Wir kennen uns lange genug, also können wir direkt zur Sache kommen: 70 Jahre - was löst die „7“ vor der Null bei Ihnen aus?

Neururer: Naja, ganz ehrlich: Früher galt man mit „70“ fast schon als uralter Mann. Das hat sich ja Gott sei Dank geändert, und so fühle ich mich auch nicht. Ich fühle mich wie ein 45-Jähriger mit der Erfahrung eines 140-Jährigen. Aber effektiv bin ich ab Samstag nun mal „70“, das kann ich nicht leugnen.

Die Erfahrung des 140-Jährigen sammelten Sie vor allem in einer Branche, in der Sie es gemessen an den eigenen fußballerischen Fähigkeiten weit gebracht haben. Sie hätten Bälle so weit gestoppt, wie andere schießen, hieß es über den aktiven Fußballer Peter Neururer.

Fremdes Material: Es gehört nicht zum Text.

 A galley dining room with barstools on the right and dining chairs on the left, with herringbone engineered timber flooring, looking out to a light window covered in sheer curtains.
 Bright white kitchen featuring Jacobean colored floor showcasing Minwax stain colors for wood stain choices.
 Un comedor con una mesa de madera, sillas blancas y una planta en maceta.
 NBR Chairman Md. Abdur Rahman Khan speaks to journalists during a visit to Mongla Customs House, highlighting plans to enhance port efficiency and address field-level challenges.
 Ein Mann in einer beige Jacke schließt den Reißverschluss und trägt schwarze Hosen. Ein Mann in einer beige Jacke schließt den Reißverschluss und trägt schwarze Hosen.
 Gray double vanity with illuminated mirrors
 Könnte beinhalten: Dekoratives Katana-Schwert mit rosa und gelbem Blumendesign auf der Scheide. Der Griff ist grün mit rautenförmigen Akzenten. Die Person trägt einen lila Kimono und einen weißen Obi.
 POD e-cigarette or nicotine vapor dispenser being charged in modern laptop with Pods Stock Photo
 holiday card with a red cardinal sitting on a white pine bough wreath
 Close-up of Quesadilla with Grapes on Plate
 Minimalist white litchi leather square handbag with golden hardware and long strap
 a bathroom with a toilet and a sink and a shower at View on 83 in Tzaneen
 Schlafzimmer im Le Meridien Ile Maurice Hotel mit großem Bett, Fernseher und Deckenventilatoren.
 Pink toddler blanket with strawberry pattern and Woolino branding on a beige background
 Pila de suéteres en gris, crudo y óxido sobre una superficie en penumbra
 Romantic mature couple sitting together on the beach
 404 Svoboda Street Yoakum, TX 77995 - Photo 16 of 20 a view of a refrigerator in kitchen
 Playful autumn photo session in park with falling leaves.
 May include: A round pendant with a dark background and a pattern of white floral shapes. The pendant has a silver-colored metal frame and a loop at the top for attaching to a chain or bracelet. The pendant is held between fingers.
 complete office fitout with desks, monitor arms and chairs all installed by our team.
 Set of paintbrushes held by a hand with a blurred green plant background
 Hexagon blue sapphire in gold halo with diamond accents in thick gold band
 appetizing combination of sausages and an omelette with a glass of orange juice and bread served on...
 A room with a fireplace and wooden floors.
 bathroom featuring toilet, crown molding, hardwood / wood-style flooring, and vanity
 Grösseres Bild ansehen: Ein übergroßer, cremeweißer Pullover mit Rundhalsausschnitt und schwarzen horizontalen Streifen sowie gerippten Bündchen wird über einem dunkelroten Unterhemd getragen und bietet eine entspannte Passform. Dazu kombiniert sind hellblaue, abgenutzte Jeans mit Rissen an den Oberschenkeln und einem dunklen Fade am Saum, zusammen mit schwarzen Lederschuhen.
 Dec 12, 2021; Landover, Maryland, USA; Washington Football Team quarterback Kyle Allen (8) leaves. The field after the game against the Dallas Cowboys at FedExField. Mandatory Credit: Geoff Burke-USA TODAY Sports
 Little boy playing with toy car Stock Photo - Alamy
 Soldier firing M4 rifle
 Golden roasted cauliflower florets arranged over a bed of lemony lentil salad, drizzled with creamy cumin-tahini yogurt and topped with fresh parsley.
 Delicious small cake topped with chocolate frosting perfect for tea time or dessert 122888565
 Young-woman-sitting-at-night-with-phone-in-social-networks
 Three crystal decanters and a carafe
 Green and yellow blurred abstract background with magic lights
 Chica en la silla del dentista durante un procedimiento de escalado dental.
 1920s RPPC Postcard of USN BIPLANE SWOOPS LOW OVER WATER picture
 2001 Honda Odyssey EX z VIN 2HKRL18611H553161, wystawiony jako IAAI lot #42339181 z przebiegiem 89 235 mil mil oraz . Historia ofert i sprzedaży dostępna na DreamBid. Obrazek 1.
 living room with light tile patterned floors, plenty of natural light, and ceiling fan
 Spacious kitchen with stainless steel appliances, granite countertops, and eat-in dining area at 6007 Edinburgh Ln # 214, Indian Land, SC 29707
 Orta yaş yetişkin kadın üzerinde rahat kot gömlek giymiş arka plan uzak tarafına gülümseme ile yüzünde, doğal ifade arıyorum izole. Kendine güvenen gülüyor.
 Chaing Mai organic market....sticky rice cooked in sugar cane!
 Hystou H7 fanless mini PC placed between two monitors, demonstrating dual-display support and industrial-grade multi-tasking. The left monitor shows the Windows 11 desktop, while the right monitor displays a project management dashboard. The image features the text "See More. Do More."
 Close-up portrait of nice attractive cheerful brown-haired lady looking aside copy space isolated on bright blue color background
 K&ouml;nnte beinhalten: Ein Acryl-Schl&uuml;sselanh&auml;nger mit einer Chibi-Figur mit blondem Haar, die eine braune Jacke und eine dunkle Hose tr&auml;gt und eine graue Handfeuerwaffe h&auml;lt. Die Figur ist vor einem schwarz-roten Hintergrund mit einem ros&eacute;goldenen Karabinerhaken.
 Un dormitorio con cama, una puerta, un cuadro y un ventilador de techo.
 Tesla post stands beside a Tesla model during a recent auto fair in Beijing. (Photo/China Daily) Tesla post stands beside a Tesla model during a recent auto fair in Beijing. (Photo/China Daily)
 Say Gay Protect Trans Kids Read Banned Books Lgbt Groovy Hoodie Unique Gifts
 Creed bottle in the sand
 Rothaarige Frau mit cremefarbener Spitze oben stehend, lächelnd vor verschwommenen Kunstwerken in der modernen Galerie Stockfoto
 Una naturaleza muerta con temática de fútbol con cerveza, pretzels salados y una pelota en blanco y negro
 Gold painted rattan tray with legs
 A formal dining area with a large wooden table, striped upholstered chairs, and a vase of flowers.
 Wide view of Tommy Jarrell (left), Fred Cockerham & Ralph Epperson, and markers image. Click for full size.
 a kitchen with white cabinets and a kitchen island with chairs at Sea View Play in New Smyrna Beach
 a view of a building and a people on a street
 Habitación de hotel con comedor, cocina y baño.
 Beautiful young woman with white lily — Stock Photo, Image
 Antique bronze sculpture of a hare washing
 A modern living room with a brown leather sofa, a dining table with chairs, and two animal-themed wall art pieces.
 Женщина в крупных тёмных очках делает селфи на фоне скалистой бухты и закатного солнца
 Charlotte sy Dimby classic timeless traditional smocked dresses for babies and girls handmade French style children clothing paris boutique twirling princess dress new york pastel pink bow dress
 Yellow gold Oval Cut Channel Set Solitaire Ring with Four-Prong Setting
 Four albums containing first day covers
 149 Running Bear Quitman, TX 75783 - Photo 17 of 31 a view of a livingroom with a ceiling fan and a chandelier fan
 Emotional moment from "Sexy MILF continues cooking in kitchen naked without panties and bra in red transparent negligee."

Stimmt, das hat tatsächlich mal jemand über mich gesagt. Meine Wahrnehmung über mich als Fußballer war eine andere. Ich fand mich weltklasse, habe aber immer in den falschen Ligen gespielt...

Peter Neururer
Peter Neururer über seinen Einstieg ins Profigeschäft: „Uns war klar: Wir müssen laut sein.“ © Tim Rehbein/RHR-FOTO

Die eigene Erinnerung spült mir einen beinharten Verteidiger ins Gedächtnis, der einen Trainer mal dazu animierte, mit ihm Torwarttraining zu machen - aber ohne Arme...

Heinz Neumann bei Fortuna Gelsenkirchen. Ein Riesentyp, legendär. Anfang der 80-er muss das gewesen sein. Südstadion Gelsenkirchen-Ückendorf. Ich musste in den Sandkasten und von ihm geschossene Bälle mit dem Kopf abwehren. Eine harte Schule. Als Spieler selbst hatte man mir in der Jugend mal gesagt, mir würde die nötige Härte fehlen. Da habe ich, bis dahin ein ganz guter Techniker und um spielerische Lösungen bemüht, mein Spiel komplett umgestellt und alles abgeräumt, was sich mir in den Weg stellte. Ich galt damals als Erfinder der Herz-Lungen-Grätsche.

Für den Profi-Bereich hat es als Spieler dann deshalb oder trotzdem nicht gereicht?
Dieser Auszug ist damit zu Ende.